Physical gold is mostly bought and sold in OTC trading. By far the most important trading center since 1919 is the London Bullion Market. In twice held daily gold fixings the London Bullion Market Association sets the quality requirements to demand the "Good Delivery" standard, which includes a minimum purity of 99.5%. The fixed price is, however, always pure gold.
Parallel to the establishment of the U.S. dollar, gold price is quoted depending on the exchange rate of the Euro and British Pound. The current price of gold in Euros is almost never identical to the price in U.S. Dollars due to fluctuations in currency. It is useful to see gold as a commodity whose pricing is the relationship between supply and demand due to, yet still independently, changes in currency. In history, gold has always played a role as a reference for other currencies. Currencies were tied to the existence of gold deposits. From 1944 to 1971 this was under under the Bretton Woods system- the case in which the world's leading currency, the U.S. dollar, derived its legitimacy from the gold reserves of the United States. In August of 1971, under U.S. President Richard Nixon, the price of gold in U.S. dollars picked up, making the non-referential increase to the money supply in the form of a so-called fiat currency possible. Although gold has lost its importance as a stabilizing element for the U.S. dollar, it is still an indicator of the value of the U.S. currency.
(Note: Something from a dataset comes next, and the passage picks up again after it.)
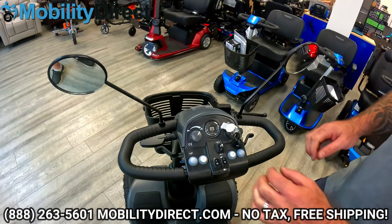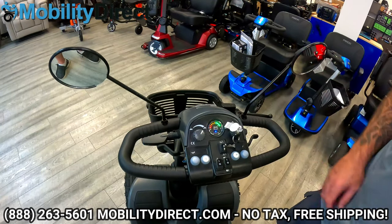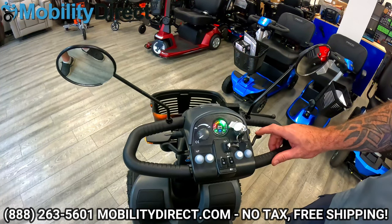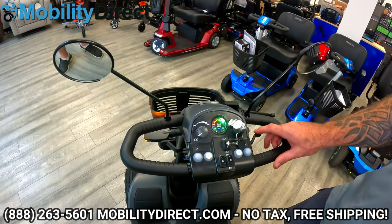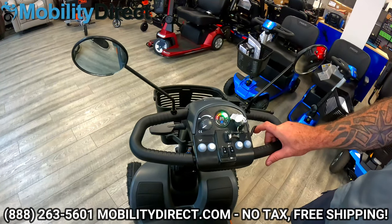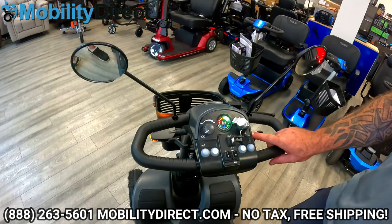So how do we use the scooter? It's very simple. All you do is take your Pride Mobility key, insert it into the ignition, and turn it on. This is your speed control as we discussed earlier, and what it's controlled by is this little throttle — also known as a wigwag. It is ambidextrous and can be used with one hand. You can squeeze it to make the scooter run forward, or use your index finger to push it and make it go in reverse. The scooter can be operated by a left-handed or right-handed user.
The price of gold today is like the "anti-dollar".
On each of the long-term gold price charts the phenomenal rise in gold prices in the 2000s with a temporary high in 2011 may well be read in reverse: that is, as a massive devaluation of the U.S. Dollar. In particular, this is demonstrated by the accelerated rise in prices in 2008, as a result of the banking crisis. During this time the scenario of a collapse of the dollar-based financial system was quite real. The reason that you cannot read this devaluation in the exchange rate, for example in the Euro, is because the European currency itself has lost much of its attractiveness. The yen, which reflects the strength and weakness of the Japanese economy, is not as good of a benchmark for the U.S. dollar. Gold, or the price of gold, plays a role that can currently not be replicated by any official currency. Halfway recognizable is the loss of value of world currency (except in gold) against the Chinese Yuan. This currency is however still not freely tradable and is set with ranges of variation tolerated by the Chinese government.
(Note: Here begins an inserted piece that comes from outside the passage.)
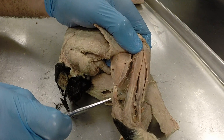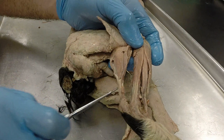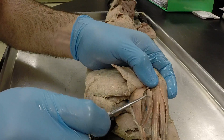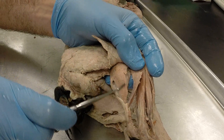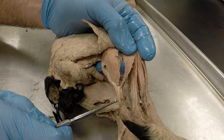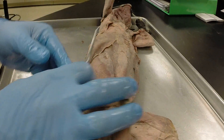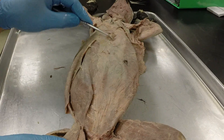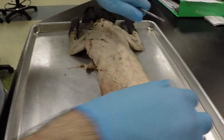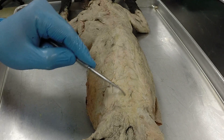Then you have the tendocalcaneus, another piece of connective tissue you need to know. Connected to it are two muscles: the soleus and the larger gastrocnemius, the calf muscle. Along with the tendocalcaneus and the fasciolata, you also need to know the linea alba — the white line of connective tissue on the ventral side — and the lumbodorsal fascia, which is a diamond-shaped region on the back.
The relative decline of the U.S. economy, the inability of the Euro to take on the role of world reserve currency, and the uncertainty of China's ambitions having their own currency- taken together are a good starting point for a long-term rise in the gold price. According to OECD estimates in November 2012, the United States will lose its position as world's largest economy to China in 2016. The International Monetary Fund already came to the same conclusion in April 2011. It is economically unreasonable to assume that the U.S. dollar can keep long beyond that date as the world reserve currency. It is equally unlikely that China will be able to accommodate the Yuan’s ascencion at such short notice. The result is likely to be great confusion and uncertainty.. Nobody can predict what the global financial system will look like in ten or even five years. This uncertainty is what will elevate the price of gold to new heights. Gold has been and always will be a safe haven in times of economic turmoil.
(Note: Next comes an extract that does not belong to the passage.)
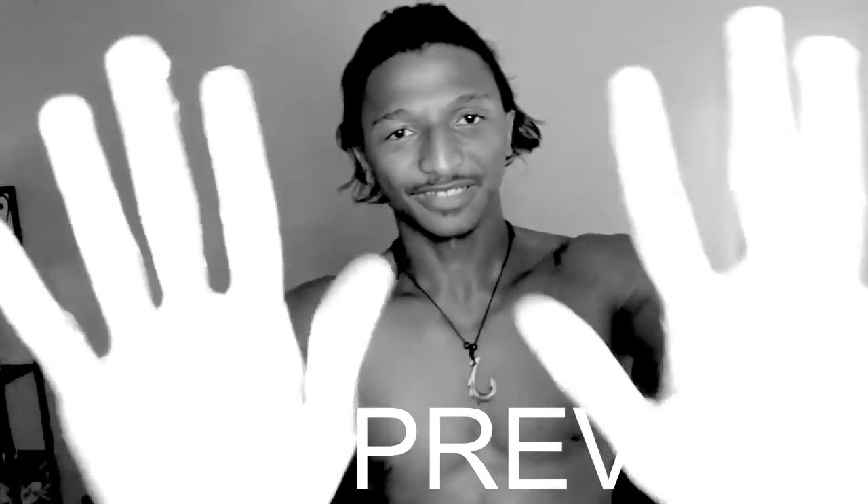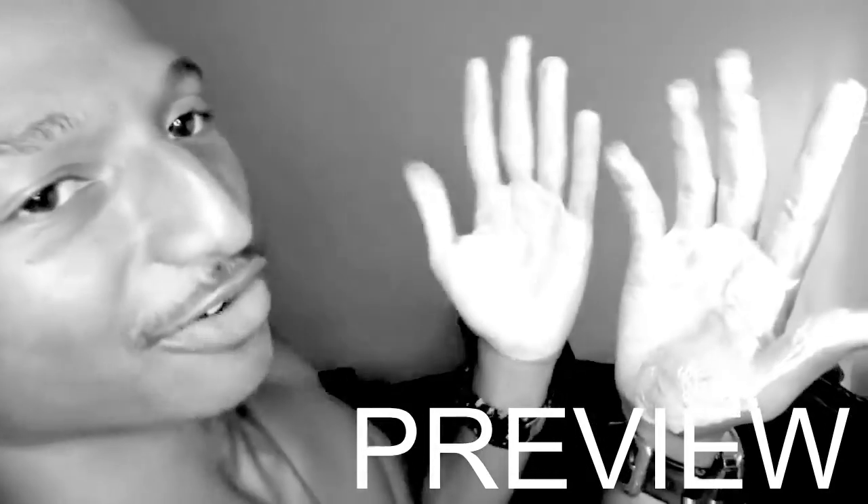It looks good — this part right here. Rub this into the palm, okay. I'm gonna lather it up. It's pretty much how I put it on. Look at this — my hands are white.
While there are numerous ways to make money indirectly by investing in gold - options and certificates on gold and the shares of gold mining companies - none of these can equal in security the investment in physical gold. Physical gold as an investment is mainly available in two forms: gold bars and gold coins. Due to higher production costs and the collector value, the price of coins is slightly higher than that of bars. Gold bars also has a proprietary security feature like that found on banknotes or identity cards. Argor-Heraeus is a licensee of this technology for gold bars.
Gold bars are available as parts of an ounce, multiples of one troy ounce, grams, or kilograms and again as parts or multiples of these units of weight. Heavier gold bars and gold coins are cheaper than those in relation with lower weight. The price of gold for 1kg bars is therefore significantly less than the price of 1000 1g-bars. This rule also applies to gold coins. Troy ounces, parts, and multiples are much more common than expenditures in grams or kilograms. Among the most famous gold coins include Gold Eagle (USA), Krugerrands (South Africa), Maple Leaf (Canada) Gold Panda (China) and Vienna Philharmonic (Austria).